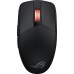 Asus ROG STRIX IMPACT III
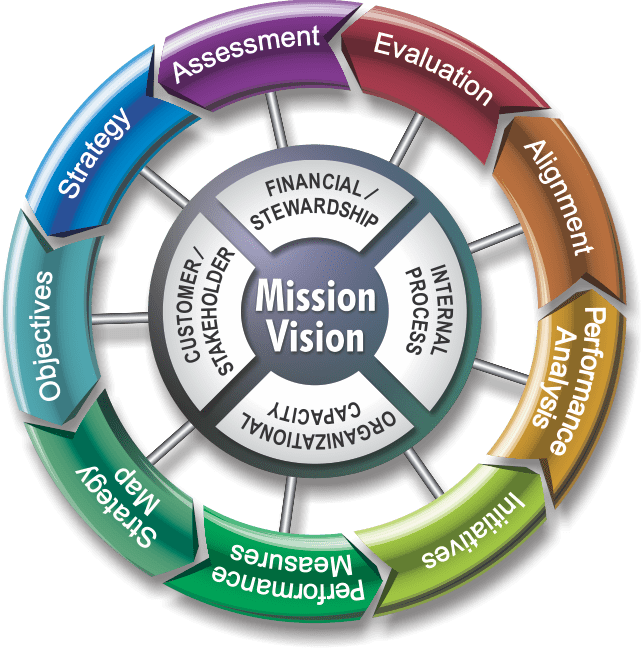 Nine steps to success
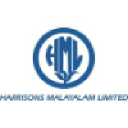 Harrisons Malayalam Ltd logo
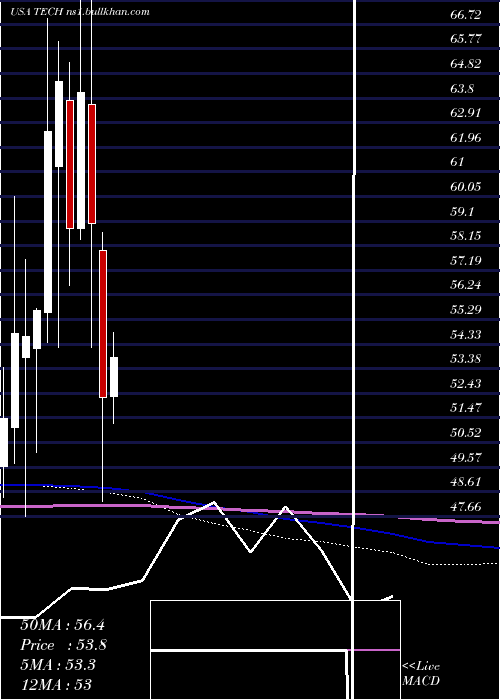  monthly chart BioTechne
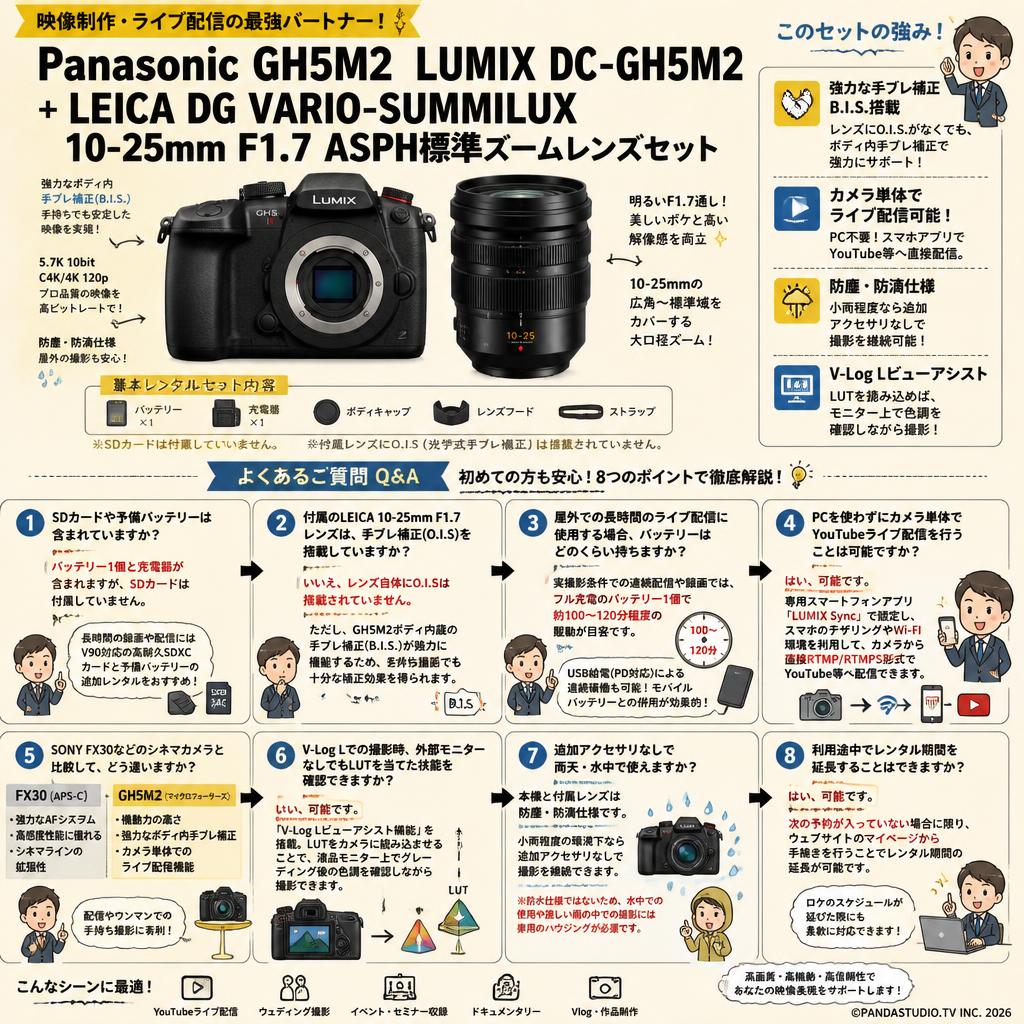 Panasonic GH5M2 LUMIX DC-GH5M2＋LEICA DG VARIO-SUMMILUX 10-25mm F1.7 ASPH標準ズームレンズセット FAQ（よくある質問と答え）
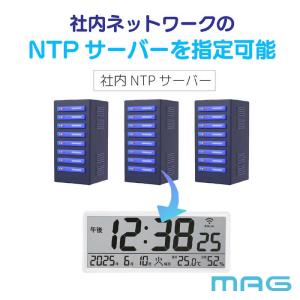 MAG 無線LAN(Wi-Fi)でネットと接続...の詳細画像3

Work item:
All that is needed is the span from the line with "monthly chart BioTechne" through the last line of the material above, reproduced exactly and free of pictures.

Problem solution:
  monthly chart BioTechne
 Panasonic GH5M2 LUMIX DC-GH5M2＋LEICA DG VARIO-SUMMILUX 10-25mm F1.7 ASPH標準ズームレンズセット FAQ（よくある質問と答え）
 MAG 無線LAN(Wi-Fi)でネットと接続...の詳細画像3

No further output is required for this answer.